### Dataset records:
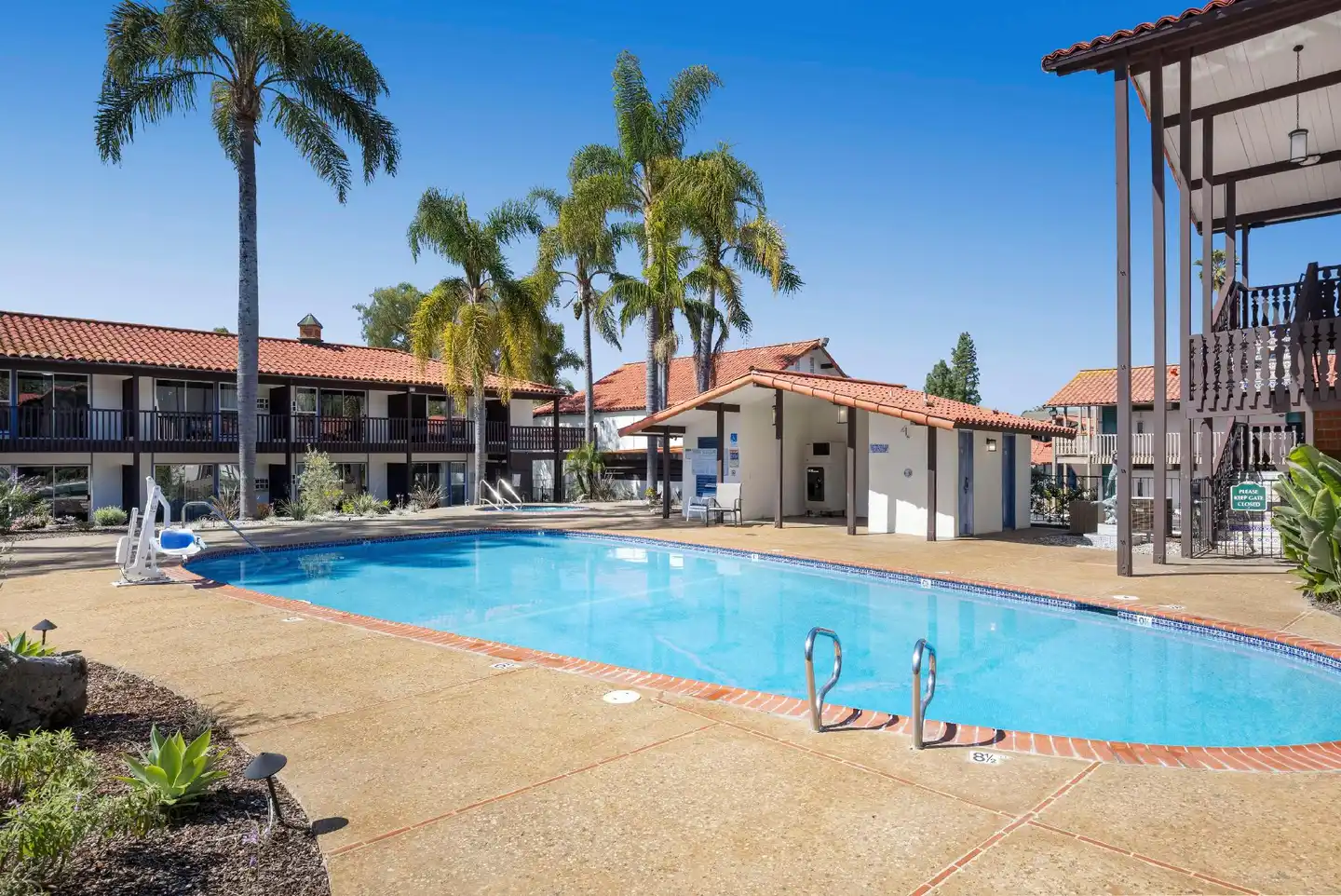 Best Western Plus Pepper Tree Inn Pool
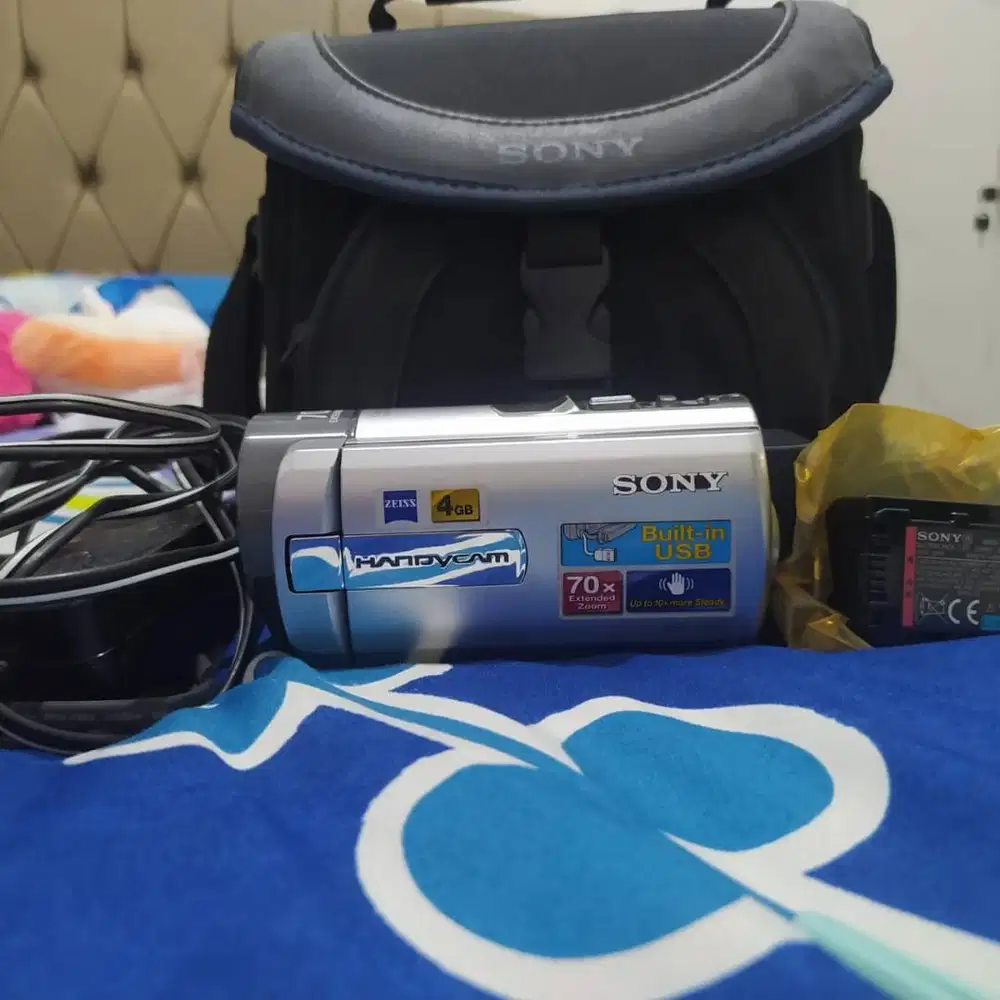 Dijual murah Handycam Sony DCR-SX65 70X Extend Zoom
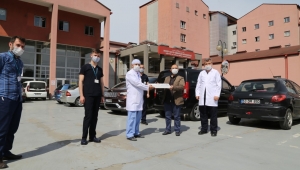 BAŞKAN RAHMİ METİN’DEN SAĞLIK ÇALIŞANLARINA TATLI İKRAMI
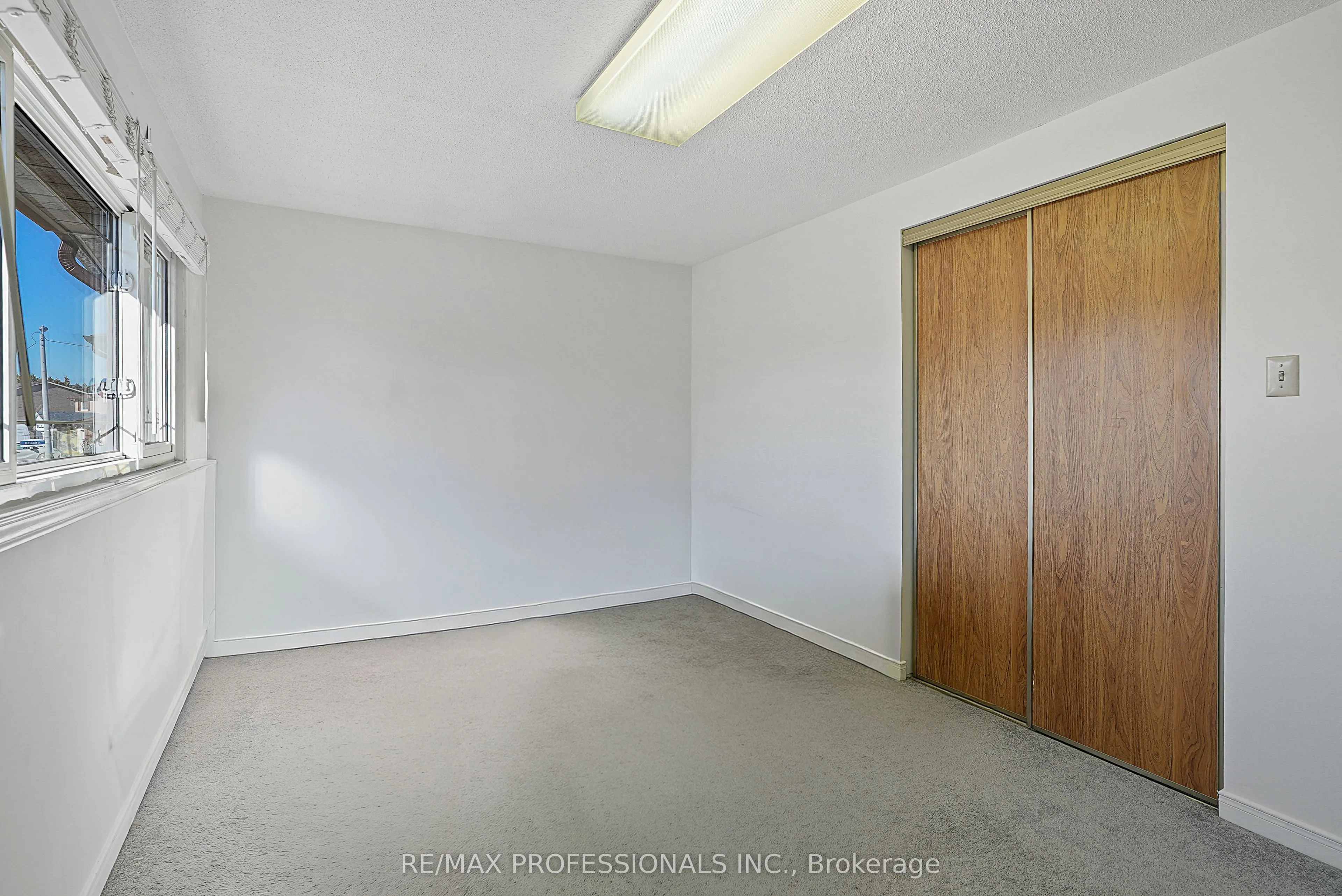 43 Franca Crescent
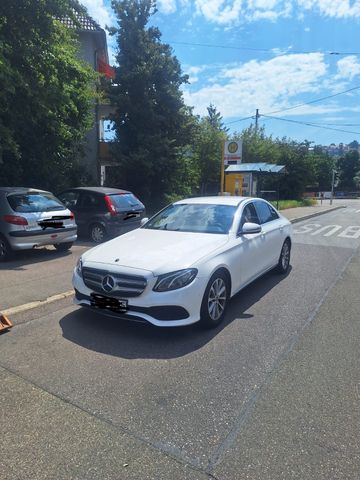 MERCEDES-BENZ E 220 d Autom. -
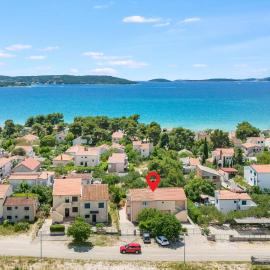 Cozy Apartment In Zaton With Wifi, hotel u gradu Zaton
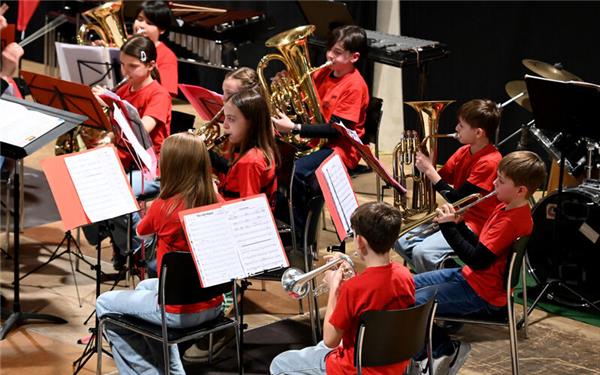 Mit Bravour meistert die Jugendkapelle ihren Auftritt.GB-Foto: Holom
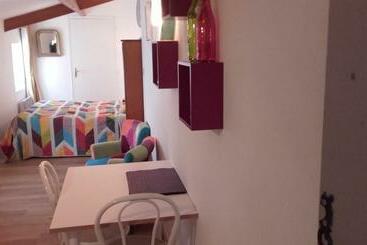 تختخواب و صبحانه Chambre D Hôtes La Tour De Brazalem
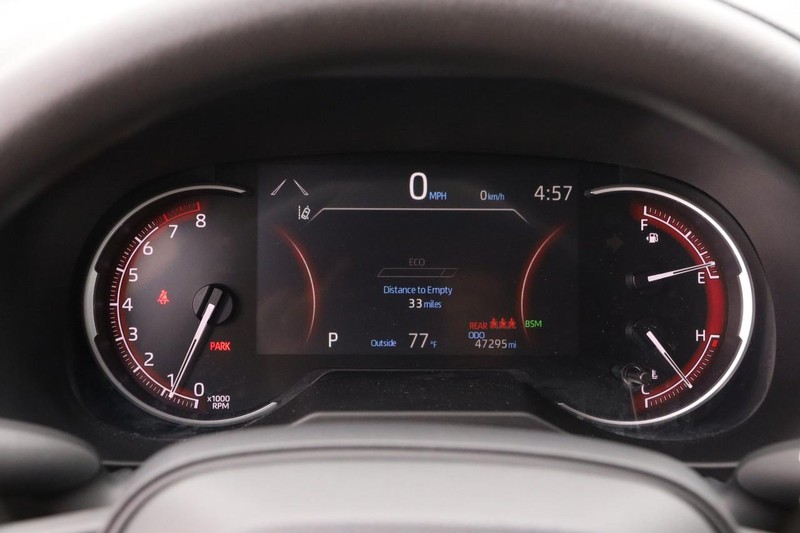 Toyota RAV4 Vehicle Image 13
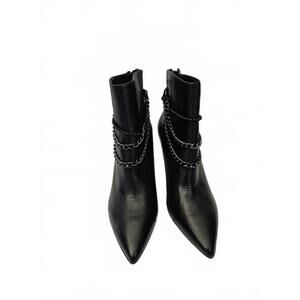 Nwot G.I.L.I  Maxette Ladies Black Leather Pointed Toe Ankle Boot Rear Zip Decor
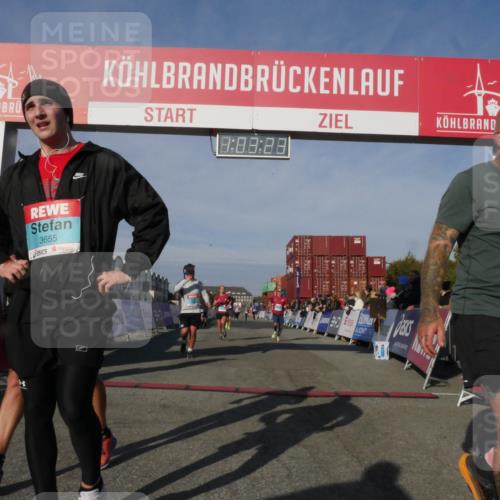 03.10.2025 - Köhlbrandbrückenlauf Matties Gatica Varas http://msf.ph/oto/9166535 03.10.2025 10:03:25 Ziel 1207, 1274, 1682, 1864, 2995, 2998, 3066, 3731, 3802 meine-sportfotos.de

### Try it:
Would you copy, word for word, only the lines above from the one containing "Mit Bravour meistert" through the one containing "Rear Zip Decor", both included, and please leave out the pictures?

### Answer space:
 Mit Bravour meistert die Jugendkapelle ihren Auftritt.GB-Foto: Holom
 تختخواب و صبحانه Chambre D Hôtes La Tour De Brazalem
 Toyota RAV4 Vehicle Image 13
 Nwot G.I.L.I  Maxette Ladies Black Leather Pointed Toe Ankle Boot Rear Zip Decor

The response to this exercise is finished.